Es folgten noch Jahre der Irrungen und Wirrungen, die mich allerdings auch auf den Weg in die Medienwelt brachten. So landete ich bei einem gerade gestarteten Online-Nachrichtenportal, mit dessen Herausgeber ich eng befreundet war. Als Hobby hatte ich neben meiner Ausbildung ab und an ein wenig geschrieben, aber nichts Berauschendes. Alles weit entfernt von journalistischer Qualitätsarbeit. Meist war ich für den Herausgeber honorarfrei tätig, da ich an den Erfolg des Projekts und der damit verbundenen späteren Vergütung glaubte. Zudem verband uns, wie ich damals annahm, eine wirklich tiefe Freundschaft und ja, ich schaute auch zu ihm auf. Im Grunde arbeitete ich für Kost und Logis. Man kann auch sagen, dass ich mich durch meine Naivität ausnutzen ließ. Nach und nach erkannte ich das fehlende Fachwissen meiner Kollegen, was ich mir selbst erst in den Folgejahren erarbeiten musste. Erst am Abgrund meiner finanziellen Existenz stehend, zog ich die Reißleine. Mittlerweile hatte ich etwa 15.000 Euro Schulden angehäuft und verfügte über keinerlei berufliche Perspektive.

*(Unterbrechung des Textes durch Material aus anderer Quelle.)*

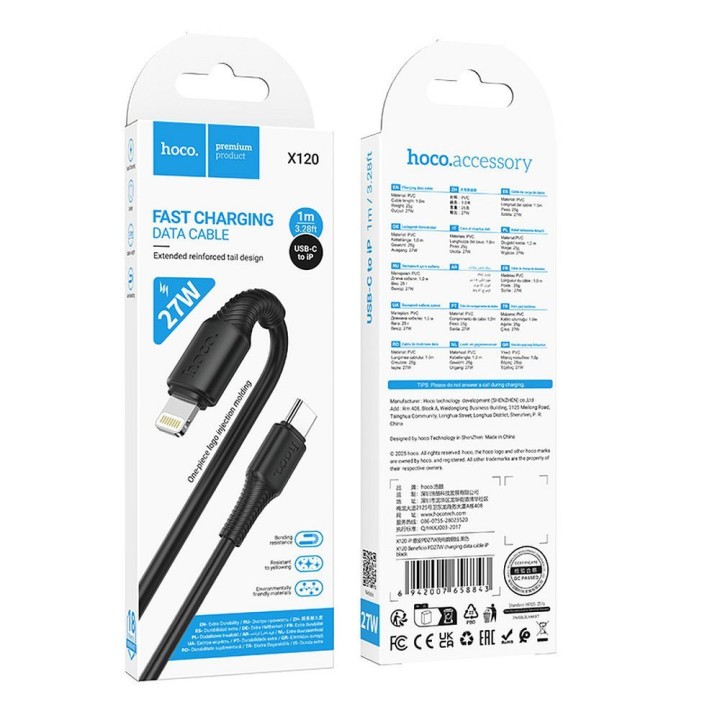 Кабель USB-C – Lightning Hoco PD 27W 1 m X120 чорний
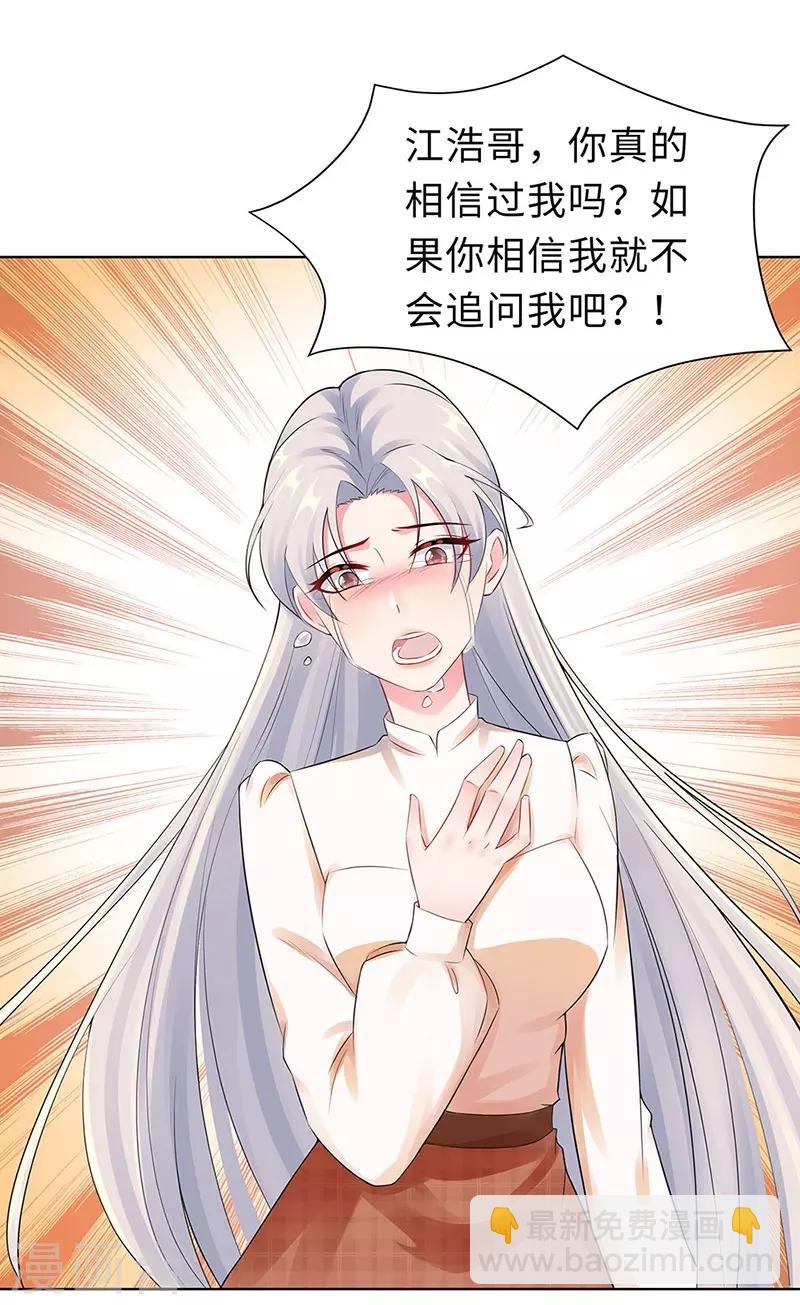 無敵雙寶 - 第20話 回憶 - 6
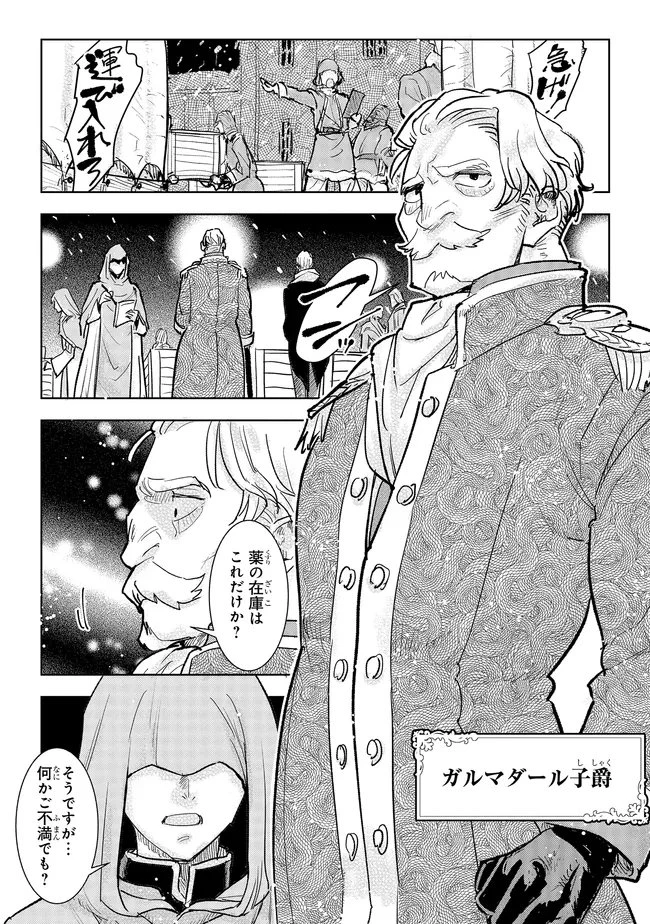 貴族から庶民になったので、婚約を解消されました！ 第40.2話 - 7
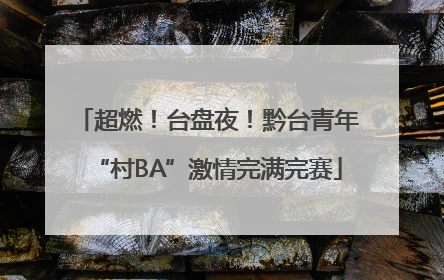 超燃！台盘夜！黔台青年“村BA”激情完满完赛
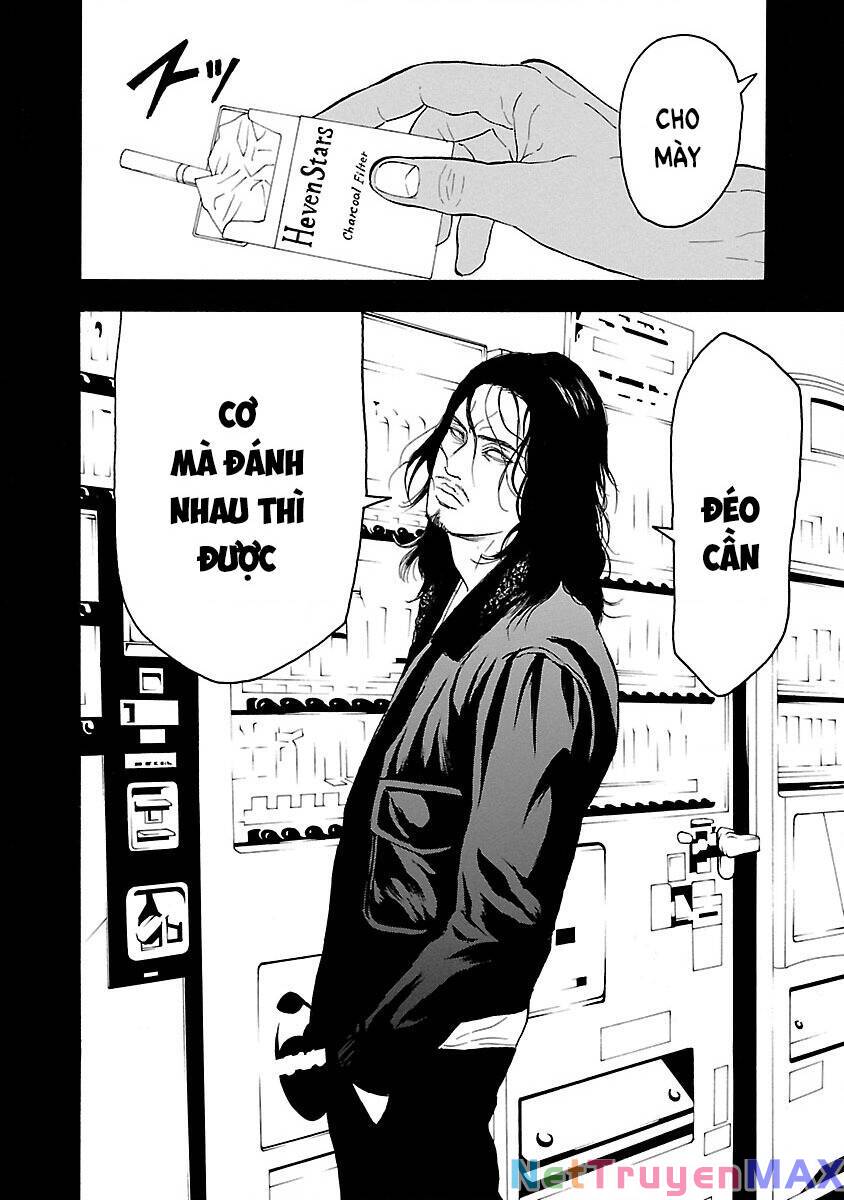 Crows Explode: Chapter 15: Bullfighter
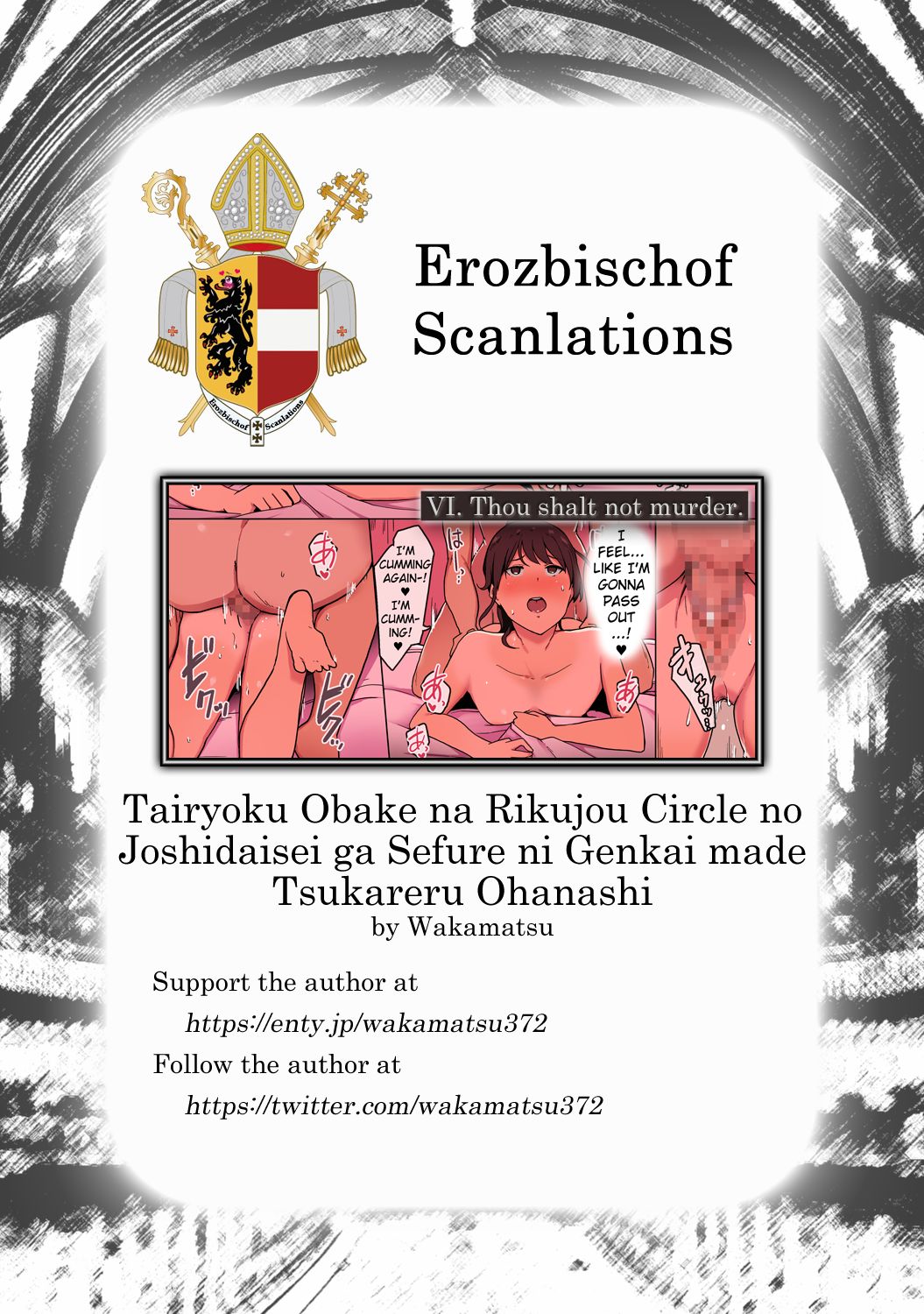 Tairyoku Obake na Rikujou Circle no Joshidaisei ga Sefure ni Genkai made Tsukareru Ohanashi page 9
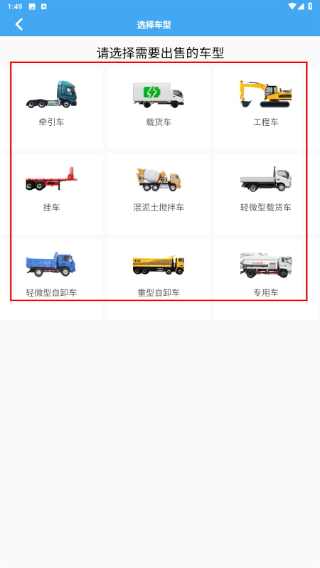 卡友云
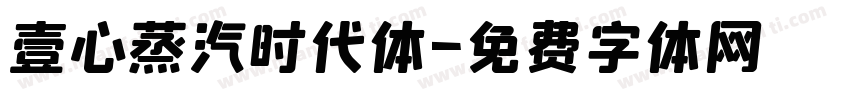 壹心蒸汽时代体字体转换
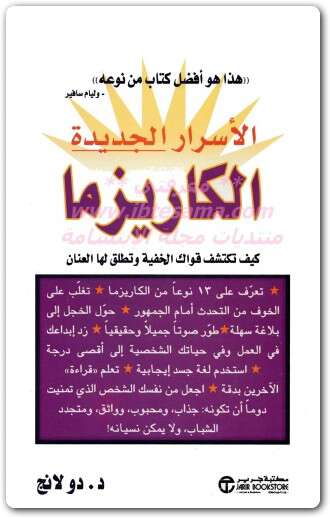 كتاب الكاريزما PDF للكاتب وليام سافير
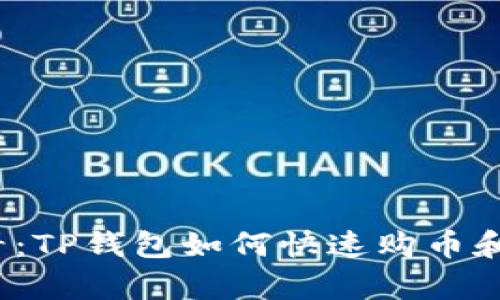 2025必看：TP钱包如何快速购币和换算技巧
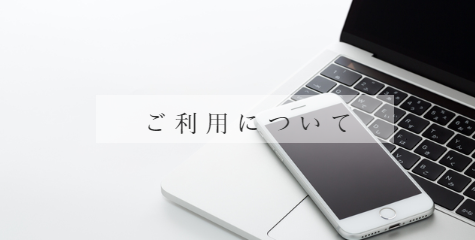 シャンブル　ご利用について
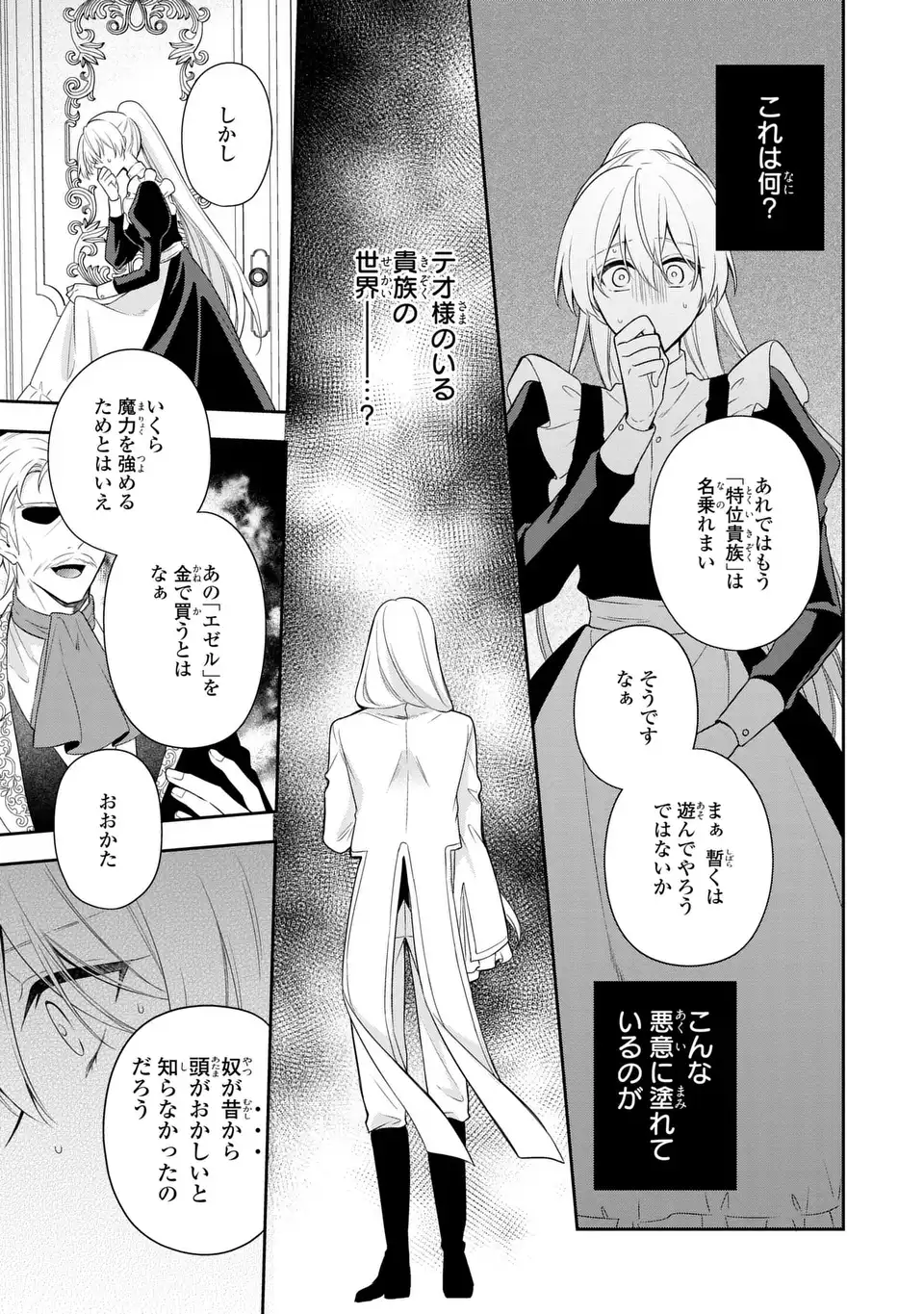 Dokuyaku Henjite Ai to naru Chapter 3 31ページ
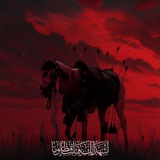 «مُناجاة المُتوَسِّلين»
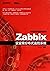 Enterprise-class distributed monitoring system Zabbix(Chinese Edition)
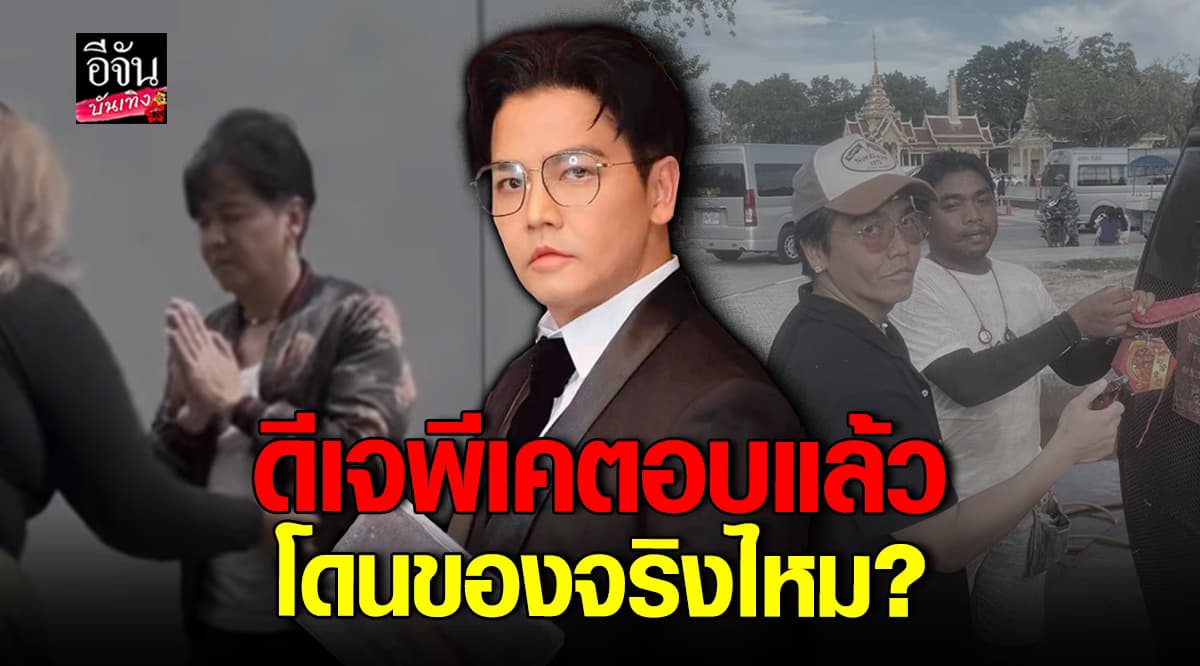 ดีเจพีเค แจงชัด สาเหตุที่ไปรดน้ำมนต์ งงหนักใครเป็นคนปล่อยข่าว?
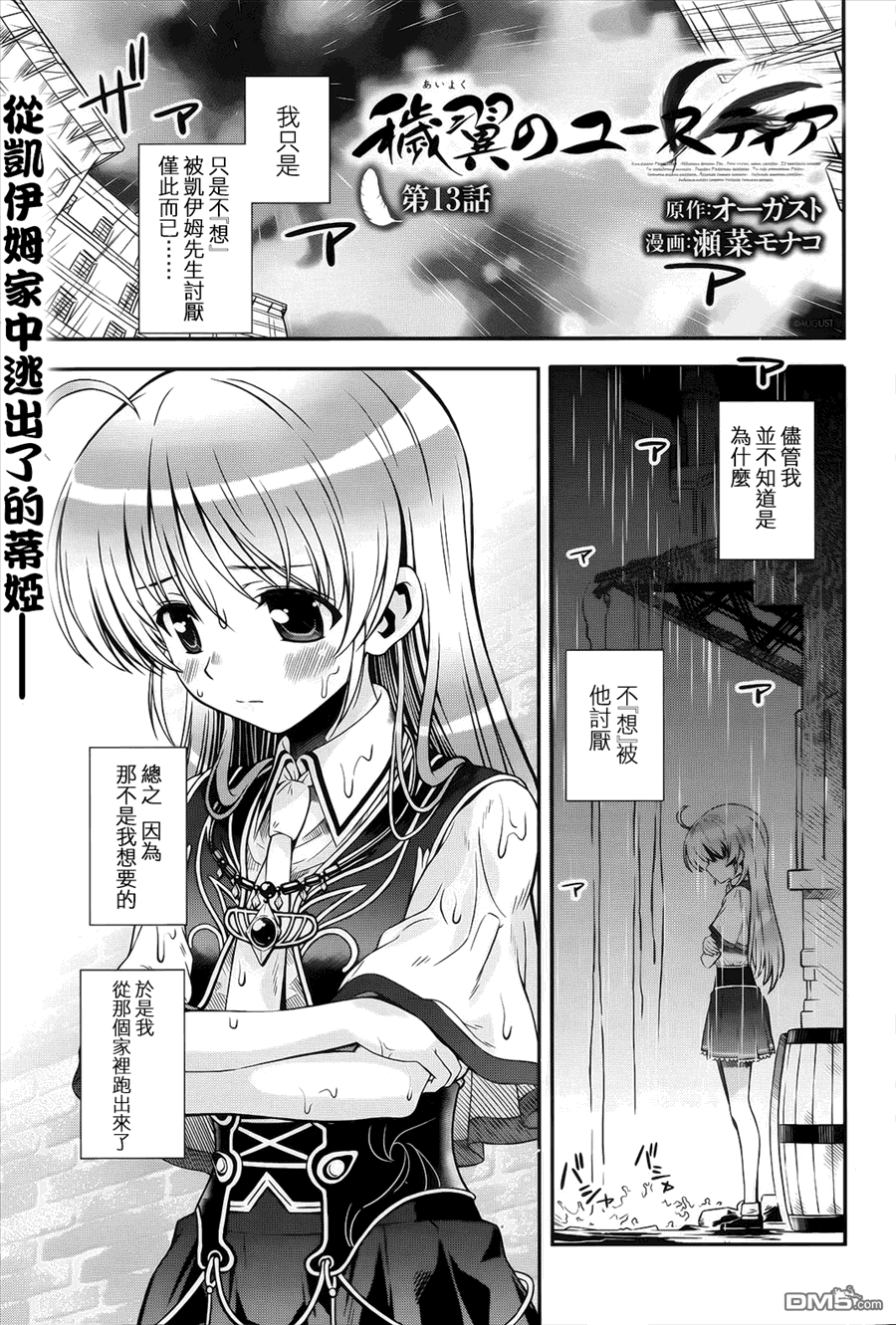 《秽翼的尤斯蒂亚》第13话第1页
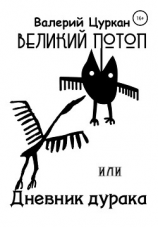 читать Великий потоп, или Дневник дурака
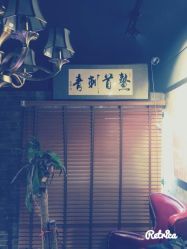 点击看大图 -鳌首刺青纹身 穿孔饰品店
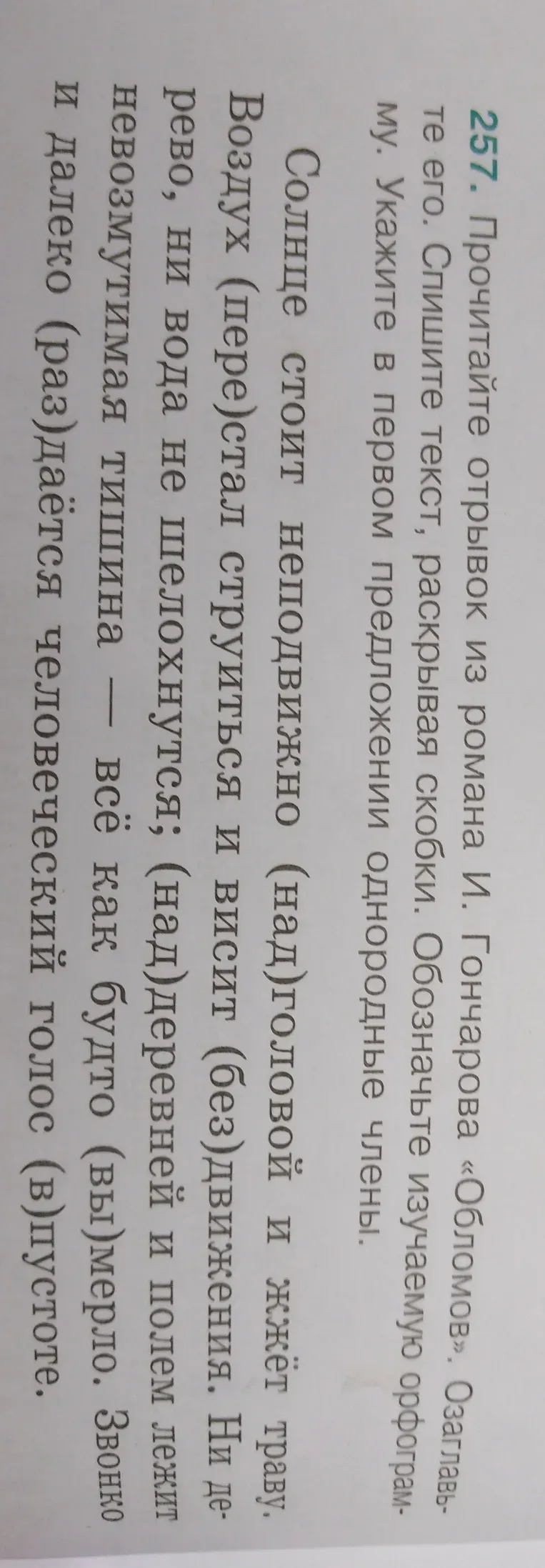 Прочитайте отрывок из романа И. Гончарова «Обломов». Озаглавьте его.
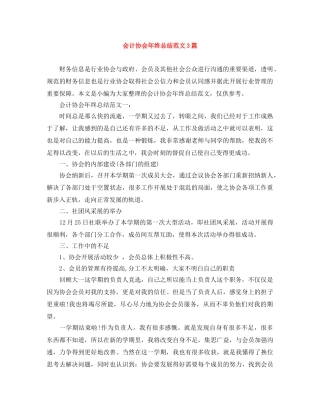 会计协会年终总结范文3篇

Nach dem schmerzhaften Schlussstrich, bei dem „Freundschaften“ zerbrachen, es durchaus böses Blut und wüste Drohungen gab, suchte ich mir im Herbst 2007 eine Wohnung in meiner Geburtsstadt Fulda. Damals schrieb ich ab und an ein paar Artikel für Magazine und begleitete kleine Verlage oder einzelne Buchautoren in der Pressearbeit. Nun saß ich mit meinen wenigen Möbeln in meinem neuen Heimbüro und musste schleunigst Geld verdienen. Zum Glück wussten meine Vermieter nicht, dass ich mir im Grunde nur die nächsten beiden fälligen Monatsmieten leisten konnte. Heute lebe ich schon fast zehn Jahre hier und bin noch keinen Euro schuldig geblieben. Doch der Druck war gerade in der Anfangszeit enorm.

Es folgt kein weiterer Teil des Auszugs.